Transfer Troubles
Case Objectives
- Recognize that transfer of patients between hospitals is common.
- Understand the frequency of errors and adverse events in the transfer of patients between hospitals.
- Describe how communication lapses can lead to errors and adverse events in the transfer of patients between hospitals.
- List interventions, including the use of guidelines and standardization, which can make patient transfers between hospitals safer.
The Case
An orthopedic surgeon at a small community hospital contacted an emergency department (ED) physician at a large academic medical center about a patient transfer. At this hospital, standard procedure called for all transfers from outside hospitals to be seen and evaluated in the ED. The orthopedic surgeon briefly described a 92-year-old woman with a history of dementia who had a left hip fracture. They had taken her to the operating room, but she developed low blood pressure before the case and the anesthesiologists were not comfortable managing her care at the community hospital.

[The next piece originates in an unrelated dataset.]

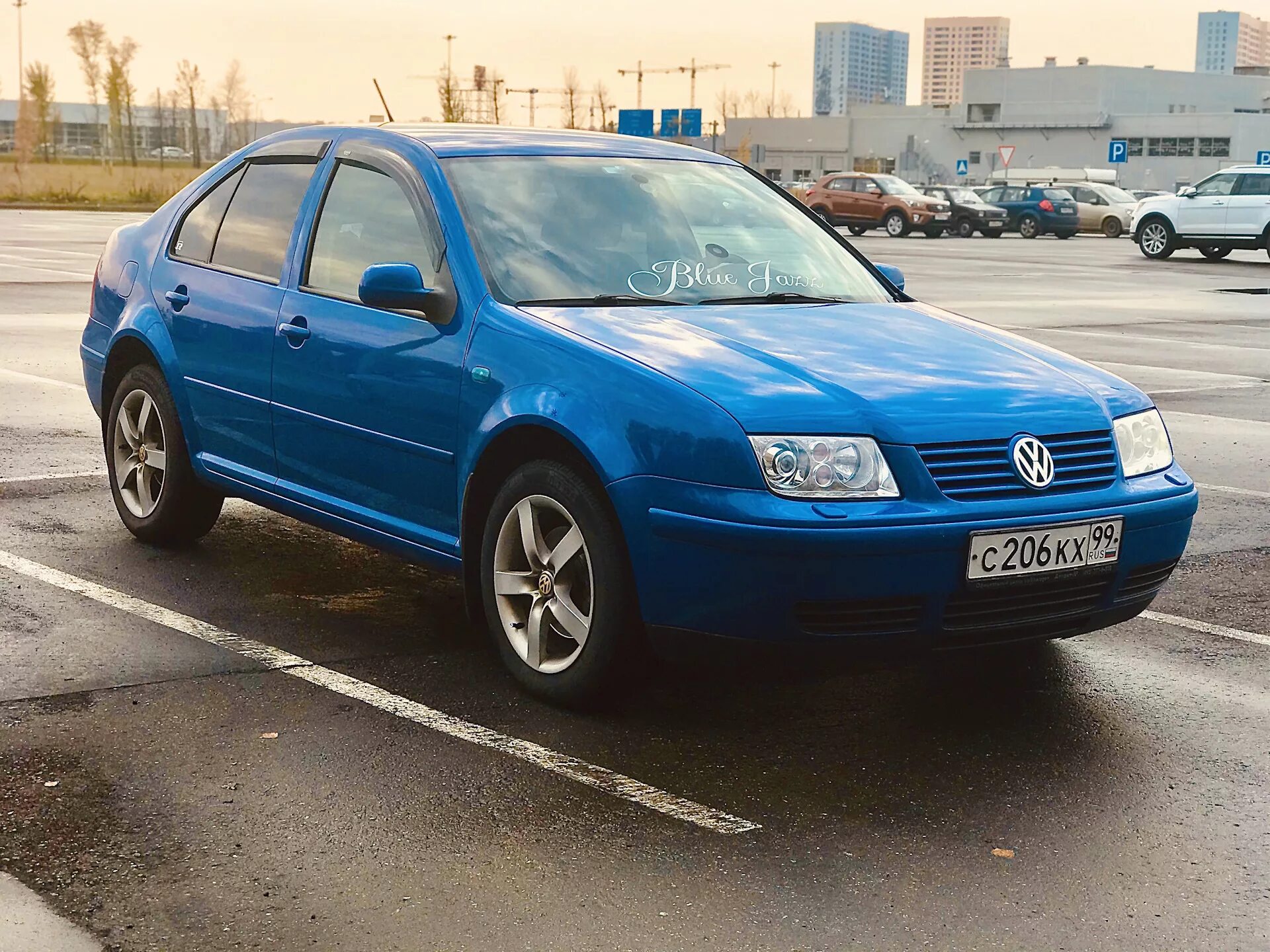 Volkswagen правый руль. Фольксваген Бора 1.6. Фольксваген Бора 2003 1.6 автомат. Фольксваген Бора 1.6 автомат 2004. Фольксваген Golf 4 Бора.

The referring orthopedic surgeon also spoke with the on-call orthopedic surgery resident at the tertiary care center and conveyed the same brief history. Minimal other clinical details were discussed.
The patient was transferred to the tertiary care center and was clinically stable on arrival to the ED. None of the notes or clinical documentation from the referring hospital arrived with the patient other than her demographic data. She was quickly admitted by the orthopedic surgery resident and prepped for surgery the following morning.

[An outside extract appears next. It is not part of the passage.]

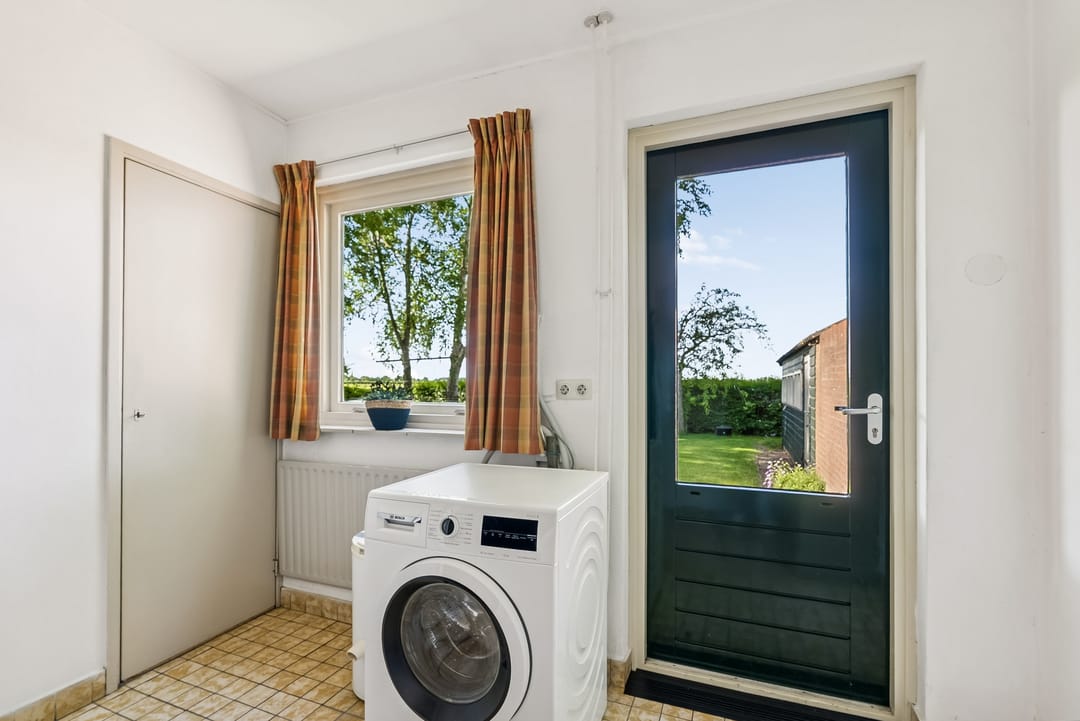 Detached Family Home with Large Garden and Rural Views in Schalkwijk — 17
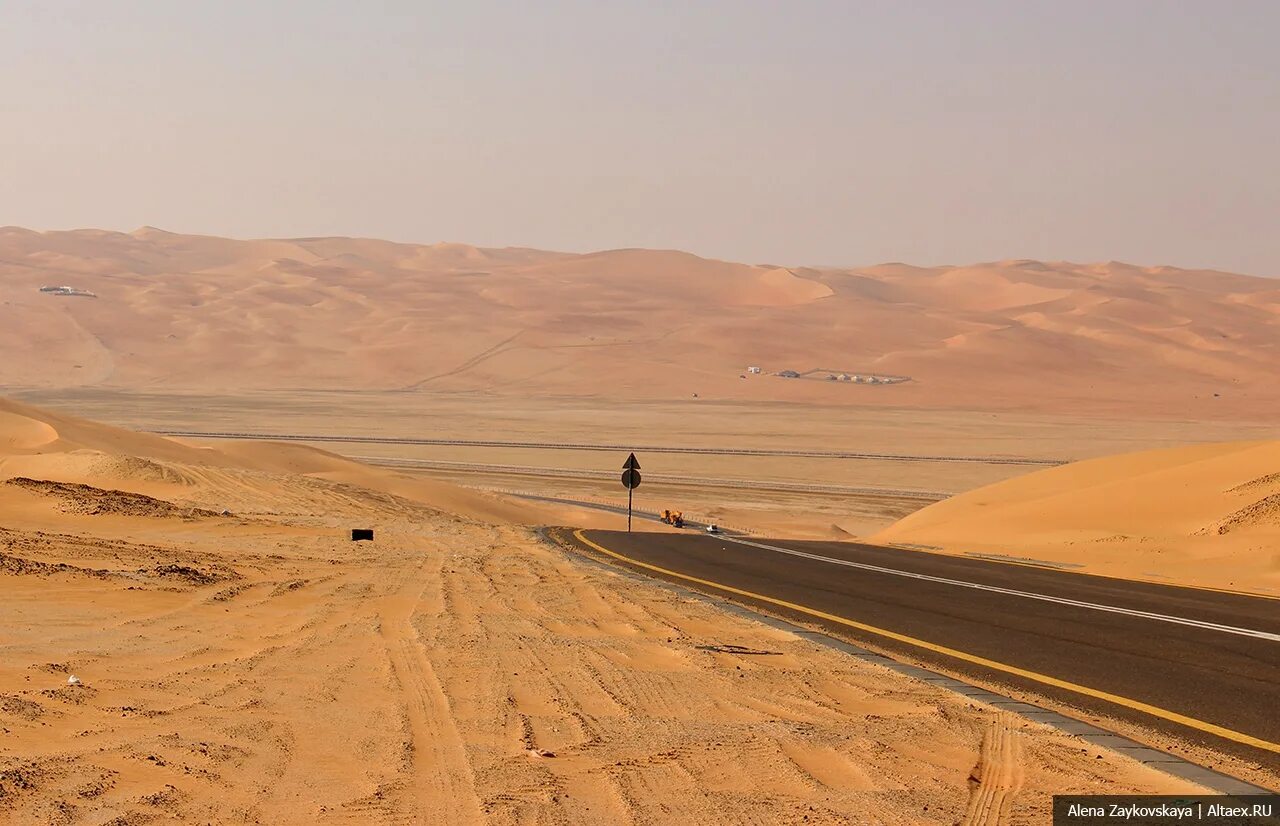 Самые большие 10 пустыни в мире. Пустыня Регистан Афганистан. Пустыни Йемена Барханы. Пейзаж пустыни Кызылкум. Пустыня руб-Эль-Хали.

Early the next day, the patient was taken to the operating room for surgical repair of her hip fracture. During induction of anesthesia, the patient rapidly became hypotensive and required vasopressors. The surgical team proceeded, but the case was complicated by significant hemodynamic instability. The patient survived the surgery, but experienced persistent postoperative hypotension (shock) of unclear cause and could not be weaned from the ventilator. Ultimately, care was withdrawn and she died a few days after surgery.
Notably, following her operation on hospital day 2, medical records arrived from the referring hospital and the anesthesia notes were reviewed. They were handwritten and difficult to read but described "profound hypotension" at the start of the case and that the patient had actually suffered a full cardiac arrest (written as "unable to obtain BP...no palpable pulse...arterial access...case cancelled, to PACU."). There were few other details in any of the notes about the cardiac arrest.
Although it was not completely clear to the orthopedic team or anesthesiologists what happened, all agreed that her case would have been managed much differently had they known more about the events at the referring hospital and that such knowledge could have potentially prevented her death.
The Commentary
The quality and safety of patient transportation, whether it be for non-emergent or critically ill patients, should "revolve around getting the right patient to the right place at the right time by the right people with the right transport receiving the right care throughout."(1) At some stage in this case's transport process, this goal was not achieved, potentially contributing to the patient's death. While this may be an extreme case, it highlights the inherent safety risks associated with transferring patients between health care organizations.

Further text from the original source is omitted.